Trying for their first crown since 1918, the Boston Red Sox led the New York Mets 5-3 going into the bottom of the 10th inning in Game 6 at Shea Stadium. The Mets tied it with two outs., then Mookie Wilson hit a trickler up the first base line that rolled through Buckner’s legs, an error that let Ray Knight rush home from second base with the winning run.
The Red Sox lost 8-5 in Game 7, and their World Series drought continued until they won the championship in 2004.
In the aftermath of Boston’s near-miss, Buckner became a target of fans in New England and beyond, with his misplay shown over and over on highlight reels.
Buckner was released by the Red Sox the following summer, went on to play for the Angels and Royals, and returned to Boston for his final season in 1990, playing 22 games.
In 2008, Buckner accepted an invitation to throw out the first ball for the home opener at Fenway Park as the Red Sox celebrated winning another title.
Buckner drew loud cheers as he walked from the Green Monster in left field to the mound, and made his ceremonial toss to former teammate Dwight Evans.
Buckner said the moment was “probably about as emotional as it could get.”
“I really had to forgive,” he said later that day, “not the fans of Boston per se, but I would have to say, in my heart, I had to forgive the media for what they put me and my family through. So I’ve done that. I’m over that. And I’m just happy that I just try to think of the positive. The happy things.”
“You can look at that Series and point fingers in a whole bunch of different directions,” Buckner said. “We did the best we could to win there and it just didn’t happen and I didn’t feel like I deserved” so much blame.
Cleveland manager Terry Francona was the Red Sox skipper that afternoon at Fenway. On Monday, with the Indians set to play in Boston, Francona reflected on that experience.
“I thought it was kind of a healing moment, it seemed, for a lot of people and for him, I hope,” Francona said. “You have to be up here to understand how people take things that happen. I thought that was a really cool moment.”
Buckner lived in Boise, Idaho, after he finished playing. He was the hitting coach for the Chicago Cubs’ minor league affiliate in Boise in 2012-13, owned three car dealerships and several commercial properties in Idaho.
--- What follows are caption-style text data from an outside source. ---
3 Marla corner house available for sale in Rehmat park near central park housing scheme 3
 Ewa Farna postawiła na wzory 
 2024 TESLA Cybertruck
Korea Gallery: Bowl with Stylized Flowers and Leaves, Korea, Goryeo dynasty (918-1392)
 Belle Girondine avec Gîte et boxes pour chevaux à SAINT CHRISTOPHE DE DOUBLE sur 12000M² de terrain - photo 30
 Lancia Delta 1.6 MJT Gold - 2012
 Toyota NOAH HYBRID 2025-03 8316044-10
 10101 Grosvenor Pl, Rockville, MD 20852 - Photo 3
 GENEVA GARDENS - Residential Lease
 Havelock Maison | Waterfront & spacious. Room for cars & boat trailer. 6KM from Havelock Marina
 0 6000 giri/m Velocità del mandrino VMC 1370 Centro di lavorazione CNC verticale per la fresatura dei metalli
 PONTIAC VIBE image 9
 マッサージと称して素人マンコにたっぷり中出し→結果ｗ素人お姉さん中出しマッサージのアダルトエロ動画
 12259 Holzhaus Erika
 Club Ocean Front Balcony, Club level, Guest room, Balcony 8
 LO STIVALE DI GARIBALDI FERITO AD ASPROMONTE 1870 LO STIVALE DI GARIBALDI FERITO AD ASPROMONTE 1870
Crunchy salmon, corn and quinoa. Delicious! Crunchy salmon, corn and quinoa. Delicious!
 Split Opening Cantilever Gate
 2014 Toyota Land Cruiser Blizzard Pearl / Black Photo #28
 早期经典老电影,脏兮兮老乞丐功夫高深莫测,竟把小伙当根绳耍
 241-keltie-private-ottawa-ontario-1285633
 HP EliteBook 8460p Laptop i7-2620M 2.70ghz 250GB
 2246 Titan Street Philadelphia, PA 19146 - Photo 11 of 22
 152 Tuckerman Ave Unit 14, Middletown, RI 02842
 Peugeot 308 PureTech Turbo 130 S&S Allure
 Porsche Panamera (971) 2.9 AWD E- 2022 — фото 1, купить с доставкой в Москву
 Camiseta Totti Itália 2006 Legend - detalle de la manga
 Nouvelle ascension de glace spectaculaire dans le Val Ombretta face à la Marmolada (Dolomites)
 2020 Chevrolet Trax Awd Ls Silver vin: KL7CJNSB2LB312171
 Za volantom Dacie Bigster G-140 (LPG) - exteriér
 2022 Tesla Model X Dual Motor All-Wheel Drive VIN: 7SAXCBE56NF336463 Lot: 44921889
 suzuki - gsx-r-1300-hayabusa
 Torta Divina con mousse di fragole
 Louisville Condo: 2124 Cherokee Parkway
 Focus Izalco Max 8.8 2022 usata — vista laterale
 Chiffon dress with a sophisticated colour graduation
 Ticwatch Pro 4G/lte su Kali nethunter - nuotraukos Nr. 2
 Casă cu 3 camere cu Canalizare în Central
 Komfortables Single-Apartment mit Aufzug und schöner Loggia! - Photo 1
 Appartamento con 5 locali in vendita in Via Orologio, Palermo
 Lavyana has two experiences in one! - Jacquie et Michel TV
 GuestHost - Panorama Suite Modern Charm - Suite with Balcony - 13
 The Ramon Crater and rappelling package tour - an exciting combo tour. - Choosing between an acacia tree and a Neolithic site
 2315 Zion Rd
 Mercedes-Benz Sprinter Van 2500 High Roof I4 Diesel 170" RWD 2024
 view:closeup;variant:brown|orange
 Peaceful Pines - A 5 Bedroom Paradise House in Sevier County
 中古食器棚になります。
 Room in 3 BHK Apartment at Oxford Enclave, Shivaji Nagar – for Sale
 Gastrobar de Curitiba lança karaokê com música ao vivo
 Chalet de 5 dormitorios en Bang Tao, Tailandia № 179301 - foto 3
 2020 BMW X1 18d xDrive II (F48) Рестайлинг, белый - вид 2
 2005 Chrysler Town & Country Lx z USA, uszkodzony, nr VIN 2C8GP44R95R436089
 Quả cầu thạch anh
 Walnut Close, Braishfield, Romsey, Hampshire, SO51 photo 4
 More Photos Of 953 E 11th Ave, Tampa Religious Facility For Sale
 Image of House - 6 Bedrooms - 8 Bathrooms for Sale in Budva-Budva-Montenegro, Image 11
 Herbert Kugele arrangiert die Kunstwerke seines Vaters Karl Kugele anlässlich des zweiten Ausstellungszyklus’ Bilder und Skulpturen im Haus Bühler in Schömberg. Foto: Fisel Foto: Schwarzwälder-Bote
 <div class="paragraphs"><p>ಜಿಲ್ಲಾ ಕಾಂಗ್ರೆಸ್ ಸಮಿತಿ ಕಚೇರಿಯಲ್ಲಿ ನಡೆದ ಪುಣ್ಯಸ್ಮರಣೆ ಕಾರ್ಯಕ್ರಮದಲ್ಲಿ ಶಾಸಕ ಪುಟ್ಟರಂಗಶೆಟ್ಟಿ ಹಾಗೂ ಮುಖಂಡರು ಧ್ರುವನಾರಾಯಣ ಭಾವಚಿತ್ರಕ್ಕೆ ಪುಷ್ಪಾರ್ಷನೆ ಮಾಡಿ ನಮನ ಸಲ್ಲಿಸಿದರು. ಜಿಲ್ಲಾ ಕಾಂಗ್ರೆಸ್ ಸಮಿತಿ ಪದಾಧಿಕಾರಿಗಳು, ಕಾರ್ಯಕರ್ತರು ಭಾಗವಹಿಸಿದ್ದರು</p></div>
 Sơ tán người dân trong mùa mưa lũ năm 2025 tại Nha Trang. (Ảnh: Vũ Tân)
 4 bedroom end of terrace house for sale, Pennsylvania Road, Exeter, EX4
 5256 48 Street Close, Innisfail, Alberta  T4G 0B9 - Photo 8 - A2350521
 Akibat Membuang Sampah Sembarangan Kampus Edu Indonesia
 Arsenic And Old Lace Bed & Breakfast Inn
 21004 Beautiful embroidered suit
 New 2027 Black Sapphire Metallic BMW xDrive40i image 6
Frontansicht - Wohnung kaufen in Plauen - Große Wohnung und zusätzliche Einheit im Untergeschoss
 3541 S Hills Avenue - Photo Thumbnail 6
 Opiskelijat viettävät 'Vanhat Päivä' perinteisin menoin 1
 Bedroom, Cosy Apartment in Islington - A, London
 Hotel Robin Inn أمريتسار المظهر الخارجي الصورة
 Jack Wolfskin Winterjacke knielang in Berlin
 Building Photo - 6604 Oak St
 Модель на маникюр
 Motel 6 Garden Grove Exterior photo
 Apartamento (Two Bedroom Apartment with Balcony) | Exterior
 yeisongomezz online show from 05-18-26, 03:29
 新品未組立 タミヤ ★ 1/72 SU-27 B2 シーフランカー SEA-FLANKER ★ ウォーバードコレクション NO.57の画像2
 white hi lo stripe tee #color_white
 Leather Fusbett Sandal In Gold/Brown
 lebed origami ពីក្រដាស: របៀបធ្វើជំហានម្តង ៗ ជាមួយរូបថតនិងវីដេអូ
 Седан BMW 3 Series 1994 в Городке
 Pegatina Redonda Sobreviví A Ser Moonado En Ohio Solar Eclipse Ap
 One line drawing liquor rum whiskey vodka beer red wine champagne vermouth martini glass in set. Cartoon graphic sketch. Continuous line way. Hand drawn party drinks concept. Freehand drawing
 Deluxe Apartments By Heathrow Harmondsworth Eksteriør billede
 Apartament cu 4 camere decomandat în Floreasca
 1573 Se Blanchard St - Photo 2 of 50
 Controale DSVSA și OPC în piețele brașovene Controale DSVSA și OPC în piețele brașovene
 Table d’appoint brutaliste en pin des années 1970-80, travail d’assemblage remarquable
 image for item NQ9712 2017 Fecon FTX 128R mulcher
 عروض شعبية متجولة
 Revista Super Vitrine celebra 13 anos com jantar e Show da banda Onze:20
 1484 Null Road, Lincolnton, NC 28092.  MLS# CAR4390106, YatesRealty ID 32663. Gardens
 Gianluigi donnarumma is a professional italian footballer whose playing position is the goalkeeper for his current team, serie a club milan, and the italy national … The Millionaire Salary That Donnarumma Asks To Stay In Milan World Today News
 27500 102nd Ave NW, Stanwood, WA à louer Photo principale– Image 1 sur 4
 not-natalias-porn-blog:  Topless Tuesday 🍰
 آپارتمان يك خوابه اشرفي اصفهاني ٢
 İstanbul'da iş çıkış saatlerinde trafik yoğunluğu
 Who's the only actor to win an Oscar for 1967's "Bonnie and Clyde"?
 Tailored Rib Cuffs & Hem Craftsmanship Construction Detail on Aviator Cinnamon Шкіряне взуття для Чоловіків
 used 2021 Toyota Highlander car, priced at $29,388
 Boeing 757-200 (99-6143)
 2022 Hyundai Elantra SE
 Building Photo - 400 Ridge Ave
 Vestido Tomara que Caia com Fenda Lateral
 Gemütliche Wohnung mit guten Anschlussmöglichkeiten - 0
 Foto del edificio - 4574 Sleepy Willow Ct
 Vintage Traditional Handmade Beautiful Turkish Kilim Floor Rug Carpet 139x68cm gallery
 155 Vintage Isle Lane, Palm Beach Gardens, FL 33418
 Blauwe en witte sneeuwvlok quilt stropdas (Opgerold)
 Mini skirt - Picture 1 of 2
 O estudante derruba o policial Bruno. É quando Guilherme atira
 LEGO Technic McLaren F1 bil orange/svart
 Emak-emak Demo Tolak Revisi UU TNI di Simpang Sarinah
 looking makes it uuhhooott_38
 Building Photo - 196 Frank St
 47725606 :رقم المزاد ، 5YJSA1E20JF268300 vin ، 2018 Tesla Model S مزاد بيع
Cubs chairman Tom Ricketts called Buckner a “great ballplayer and beloved member of the Cubs family.”
Buckner also became friendly with Wilson, who hit that grounder. While Buckner was long criticized for the error, many in baseball contend that even if the ball had been handled cleanly, the speedy Wilson would have beaten it anyway.
Buckner made his big league debut with the Dodgers at 19 in 1969, was a batting champ with the Cubs and played until he was 40. He had a career .289 average and over 100 RBIs in three seasons, twice with Boston. Buckner finished with 174 home runs and 1,208 RBIs.
He is survived by his wife, Jody, two daughters and one son.